I don’t know what it is about the word ‘girl’ that ignites my senses.
I don’t mean it quite literally, for clarification, I mean it in terms of D/s or how I or my lady refers to her as.
This thought came to me last night. I had headed to bed – I’m a night owl because I can afford to be, she’s an early bird – and she happened to be awake so like any midnight times, we had a chat together. It’s how we roll. And we started talking about cards – as in, playing cards – and she said ‘oh I’m just a blackjack and roulette girl’
Now, see, that was just slang. Like if I were to say, ‘I’m a metal guy’ if someone enquired about my musical tastes. But the word ‘girl’ – right then and there – sparked something in my mind. Not arousal, something bigger than that. Something that put my Dominant senses on high alert. And I don’t really know why.
So why is it a trigger word? Maybe it’s because it’s used so often by us – when she talks as taught by me, when I address her myself. Maybe it’s because I identify as a Daddy.
MAYBE it’s something that triggers my Daddy side because, for whatever reason, due to my lack of children, there’s some paternal instinct out there, the very thing that drives me to put it out there that I’m happy to mentor someone if or when they trust me enough. I’m not sure, I’m no psychologist or scientist, I’m just guessing maybe my biological instincts comes into play somehow.
The word ‘girl’ is interesting in a D/s context in the way it has a life of its own, how it suddenly has subtext and can imply something particular to the individual. For me, I think of a teenager. Dyed hair, pink wooden Pyjamas, black band hoodie – all very specific right? But specific to me, to my lady.

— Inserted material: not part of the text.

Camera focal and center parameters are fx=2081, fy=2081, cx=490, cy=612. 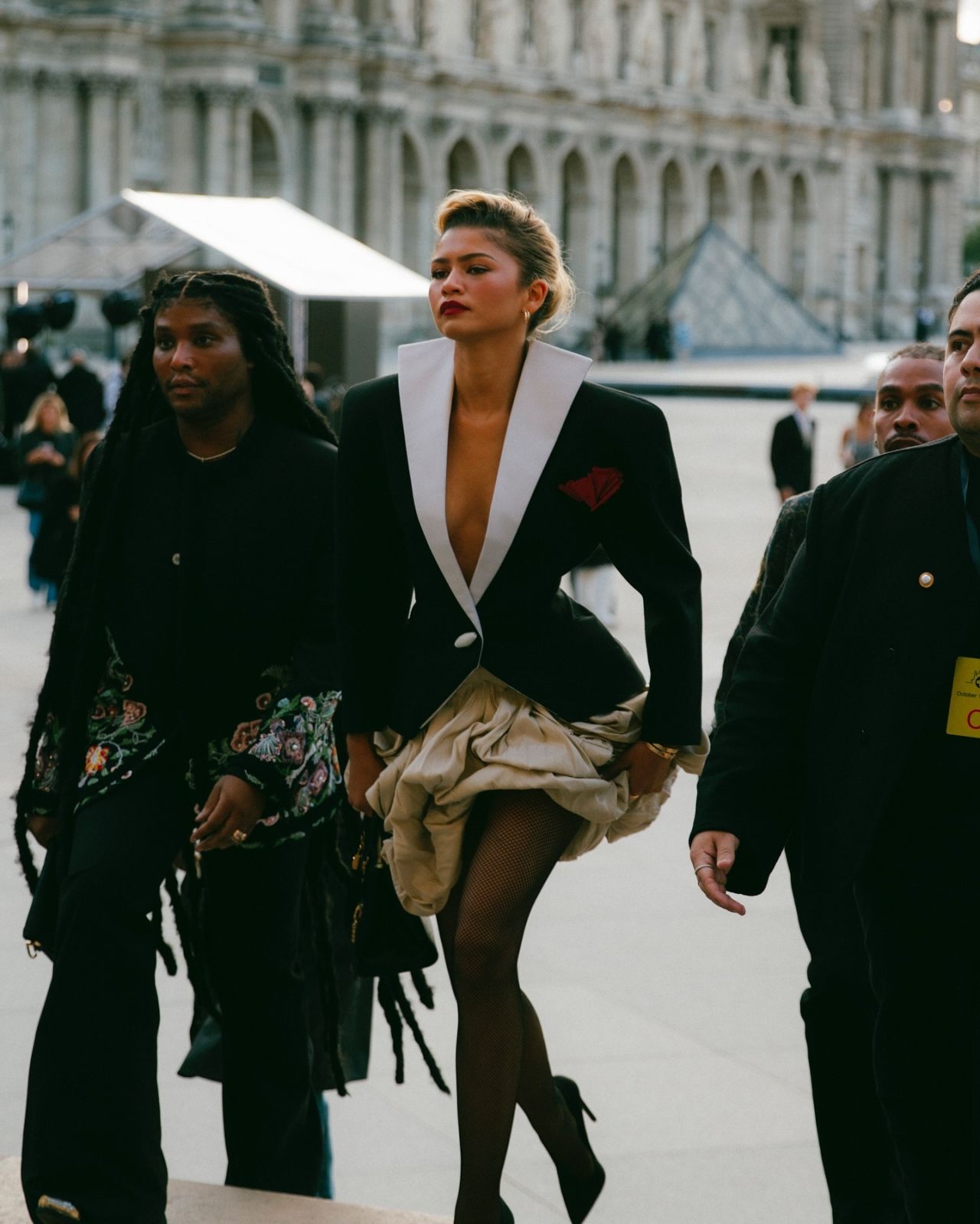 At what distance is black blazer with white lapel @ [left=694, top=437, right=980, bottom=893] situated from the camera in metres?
2.85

‘Girl’ makes me think of a teenager unsure – about her future, about her own desires, about her own strength. This probably says more about my teenage years and the company I kept, for I have no doubt there were strong minds at my own highschool, just as I have no doubt my lady was as fierce, sharp, intelligent and determined then as she is now. And this I know too, as – keep in mind, we met all those years ago, years before life would bring us back together this way.
The word ‘girl’ doesn’t make me think of an individual needing help or nurture or security but at the same time, something compels me to be a Daddy all the same. Why, and for what purpose? I don’t know.